Jason Collins is gay, Reese Witherspoon is drunk, and Anne Hathaway is in your car
4/30/2013 3:00:00 PM
Washington Wizards center Jason Collins came out as gay. . . The announcement shocked NBA insiders who had no idea they had a team in Washington.
He's the first ACTIVE athlete to do this in one of the four big North American sports leagues: The NBA, the NFL, the MLB and the NHL. Jason is 34 years old.
He's spent 12 years in the NBA since being drafted by the New Jersey Nets in 2001. He's played for six teams. He opened this past season with the Boston Celtics, before being traded to the Washington Wizards.
Meanwhile, ESPN analyst CHRIS BROUSSARD blasted Jason's coming out in an episode of "Outside the Lines" yesterday. He said, quote, "If you're openly living that type of lifestyle, the Bible says you know them by their fruits, it says that that's a sin. If you're openly living in unrepentant sin, whatever it may be . . . I believe that's walking in open rebellion to God and Jesus Christ." Chris compared homosexuality to premarital sex and adultery.

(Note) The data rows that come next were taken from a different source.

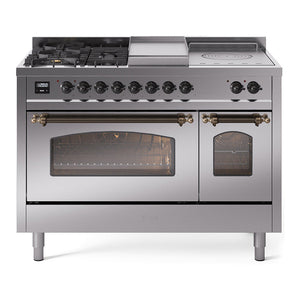 ILVE Nostalgie II 48-Inch Dual Fuel Range with 5 Sealed Burners + Griddle + French Top, 5.02 cu. ft. Oven, Stainless Steel with Burnished Trim, Liquid Propane, Triple Glass Door, UP48FSNMPSSBLP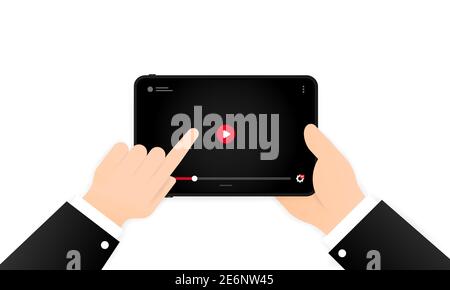 Tablet with video player on the screen. Mobile streaming technologies. Gadget Elements for site form of watching online video on phone. Vector on isol Stock Vector
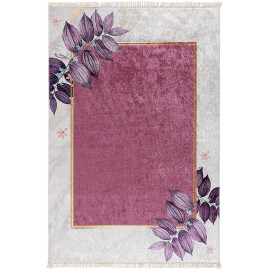 Tapis moderne lavable en machine plat floral Bombi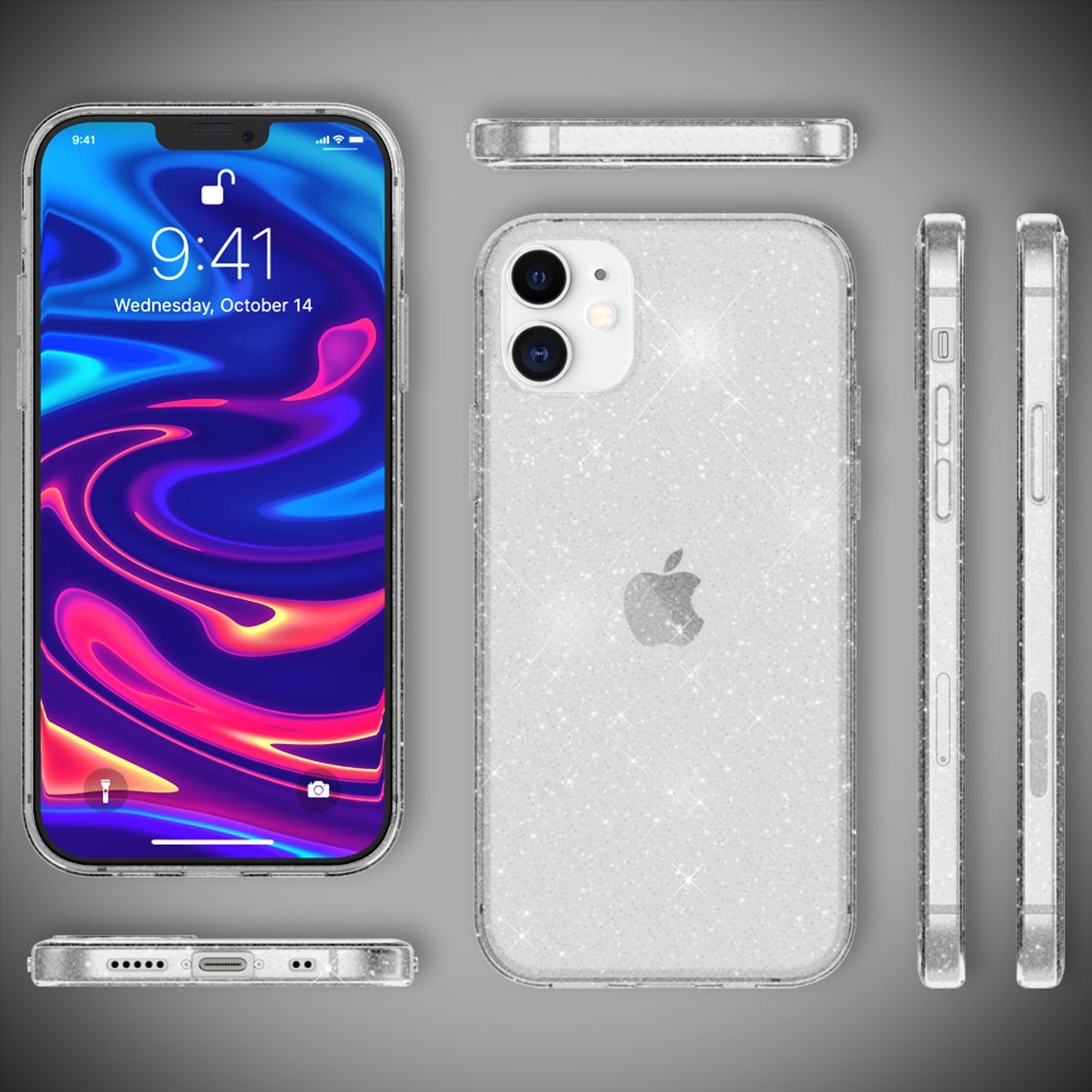 NALIA Glitrandi hulstur fyrir iPhone 12 mini, Bling símahulstur með glitrandi vernd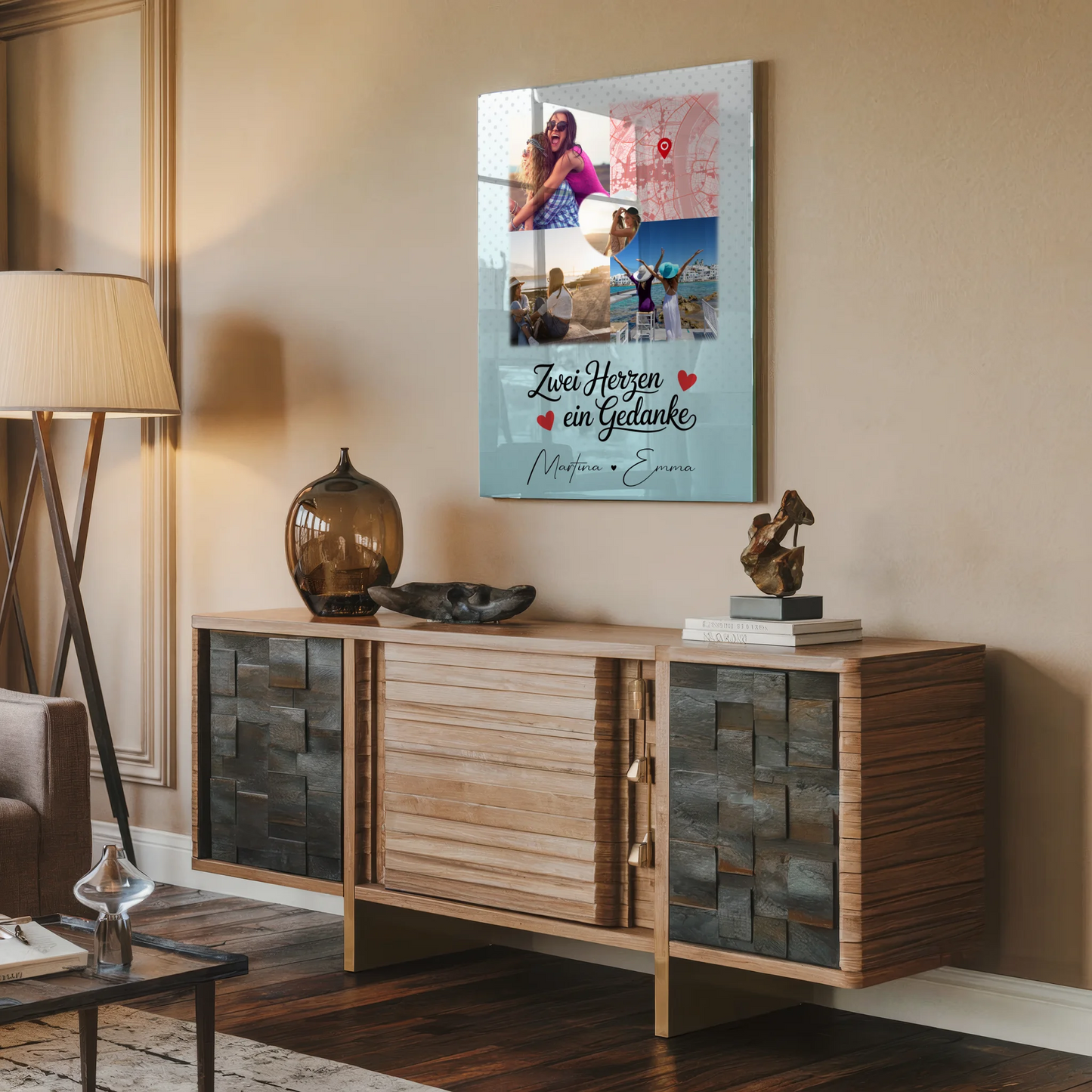 Personalisiertes Freundinnen Bild auf Acrylglas mit 3 Fotos und Herzmotiv Zwei Herzen ein Gedanke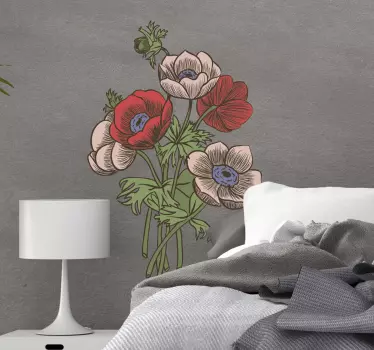 Wandtattoo Blumen charmante anordnung - TenStickers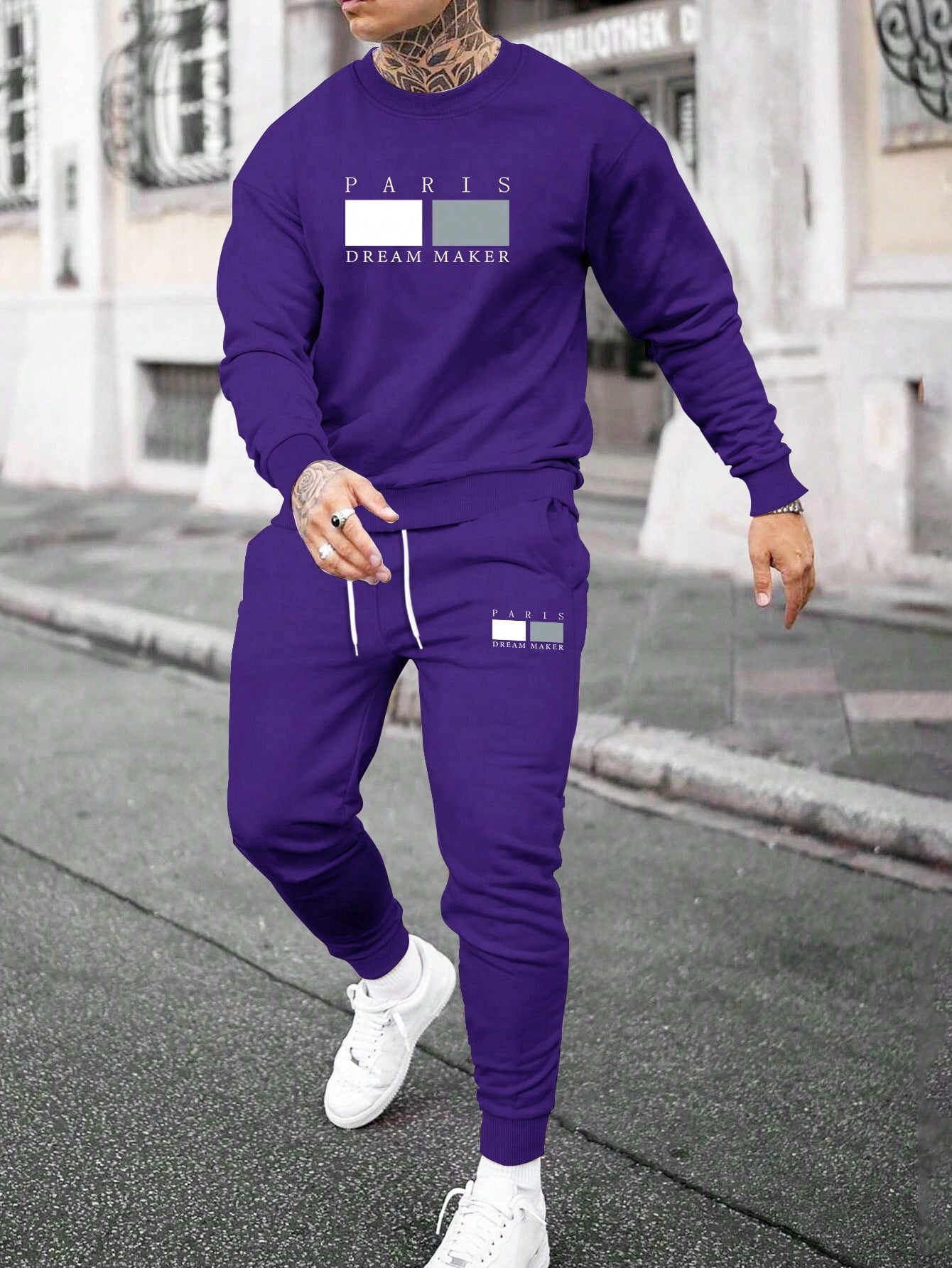 Men Letter Graphic Sweatshirt & Drawstring Waist Sweatpants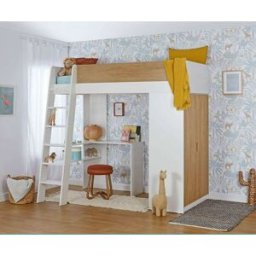 Ma Chambre d'Enfant Lit mezzanine enfant avec armoire Azou Blanc et noisette 90x190 cm
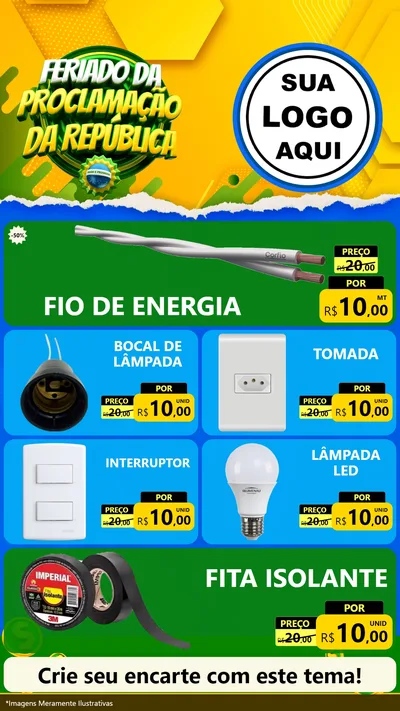Modelo de TV para TV Vertical com o tema Feriado da Proclamação da República para Materiais Elétricos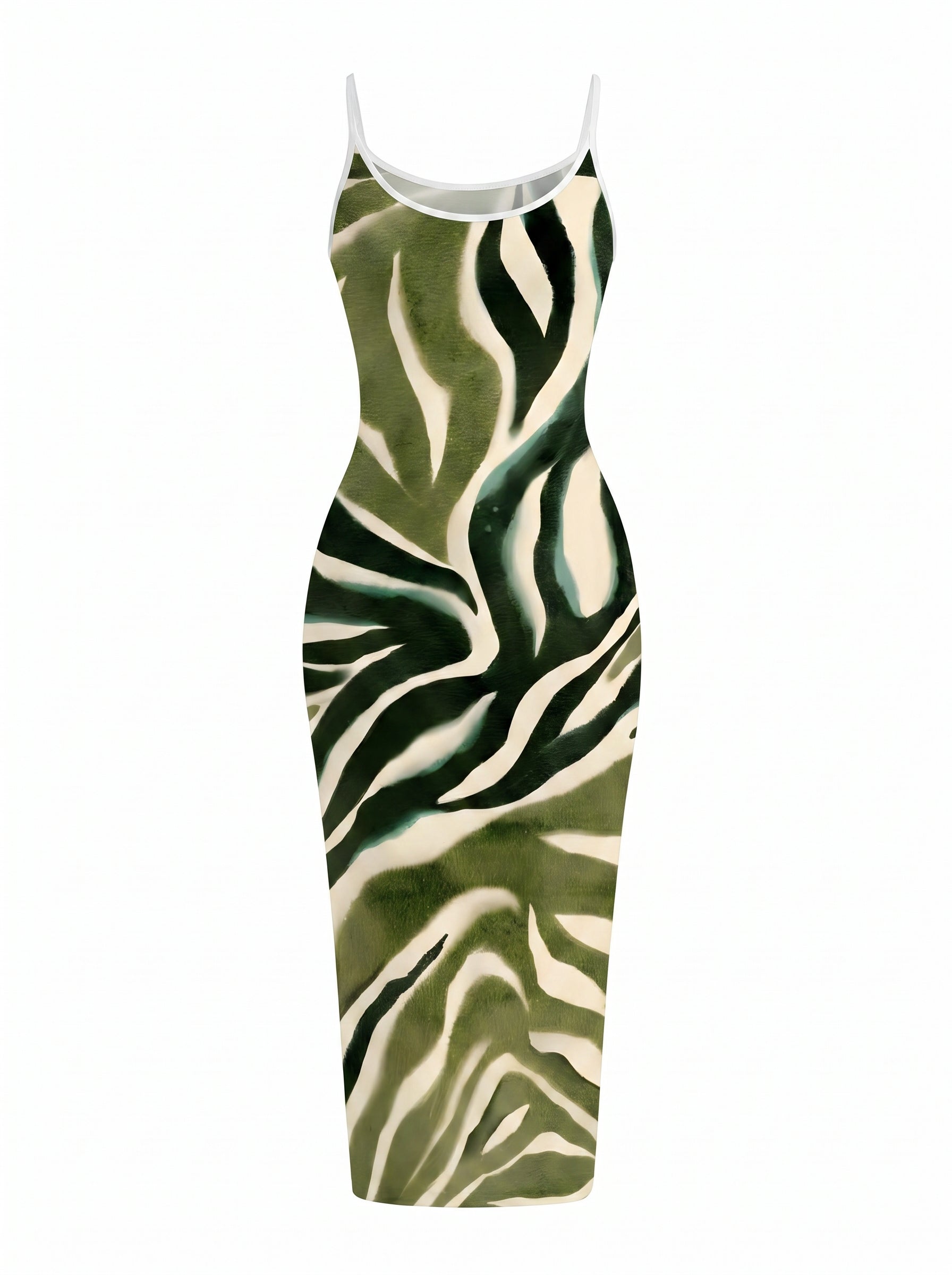 CAPRI Green Zebra Stripe Print Sleeveless Bodycon Midi Dress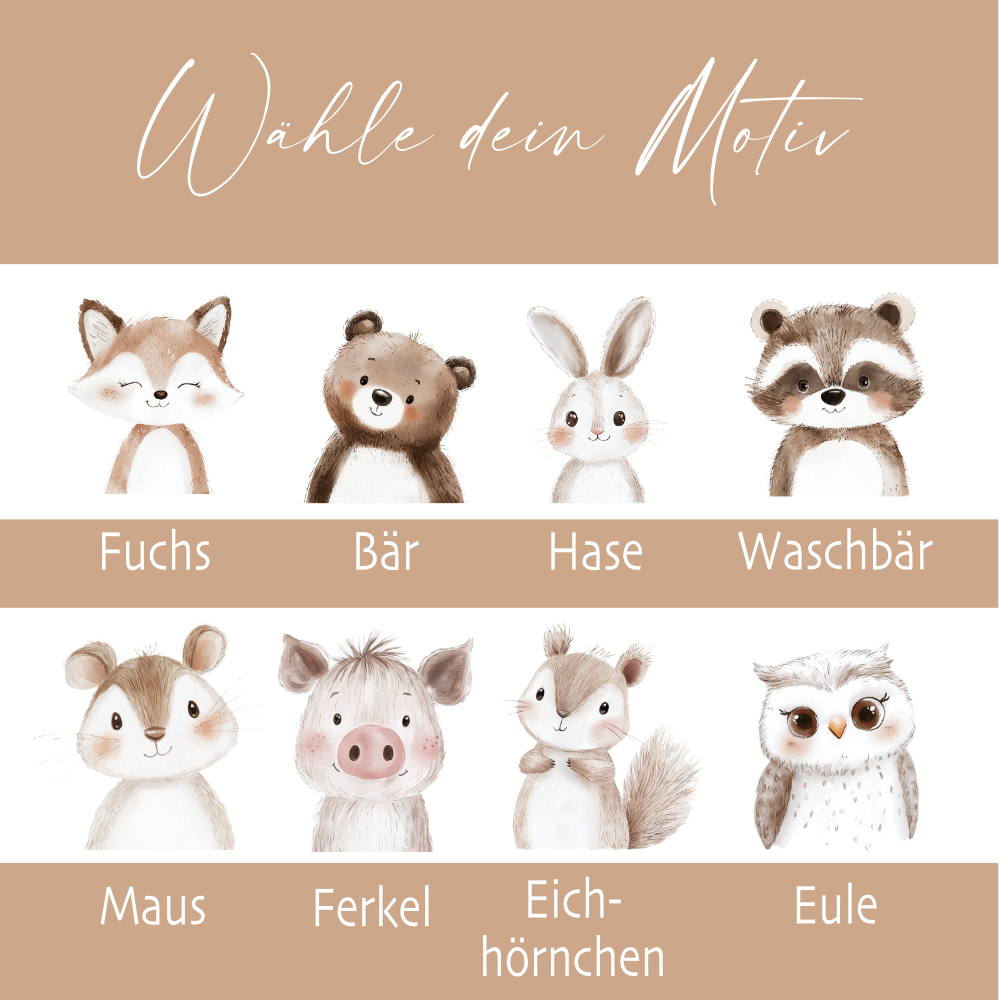 Personalisierte Kinder Emaille-Tasse mit Namen – Niedliche Tiermotive | Geschenk zur Geburt, Taufe oder Geburtstag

So should we look forward to hearing him freak out if an NBA player ever decides to engage in sexual activity before marriage?
METTA WORLD PEACE is cool with JASON COLLINS' sexual orientation. He Tweeted, quote, "I've got gay friends, gay people who work for me. It's not like anything out of the norm."
But that's not the weird part. At his press conference yesterday, Metta showed up in a bright blue Cookie Monster shirt . . . and when he was asked about Jason's announcement, he said this:
Quote, "Whether it's a free country or not, you should be free to act as you want to do as long as it's not violent. No matter what it is. I came here in a Cookie Monster shirt because I wanted to. And I was going to wear the pants. But I thought you guys were going to judge me. I was going to wear the hat too. But I thought you guys would judge me . . . so that's why I didn't wear the hats and the pants. But I should've wore it.You should be free to do and act how you want to act."
See Metta in his Cookie Monster shirt on today’s blog pics.
She was arrested in Atlanta over the weekend, then apologized for her comments, and is now trying to keep a low profile. See what her plan is for today with the Celebrity To Do List of Reese Witherspoon.
8:00 A.M. Wake up, brush teeth, chug bottle of mouthwash.
8:10 A.M. Look at the most awesome person in the world and acknowledge how much I love them. Then turn from mirror and say hi to husband.
8:30 A.M. Wake myself up with a cup of coffee. Irish coffee. 9:20 A.M. Start reading script for "Legally Blonde 13".
10:00 A.M. Wonder how I'm going to support my dependents: my three kids and Ryan Phillippe.
11:00 A.M. Yell at someone for not knowing who I am.
11:40 A.M. Review the box office returns of my last six movies. Realize there's a reason nobody knows who I am.
1:00 P.M. Struggle to find someone in Hollywood with MORE forehead. Fail.
1:30 P.M. Meet with agent to decide what movie to make: the one where I play a perky blonde in a love triangle, or the one where I play a perky blonde in a love triangle.
11:30 P.M. Watch myself in "Election" and “Freeway” before going to sleep. Wonder what the hell happened with my career.
Here's how much celebrities hate the paparazzi: ANNE HATHAWAY actually got into a stranger's car to avoid them at Los Angeles International Airport.
Since her ride wasn't there yet and she wanted to get away from the photographer who was hounding her, she asked the driver if she could wait in his car until hers arrived.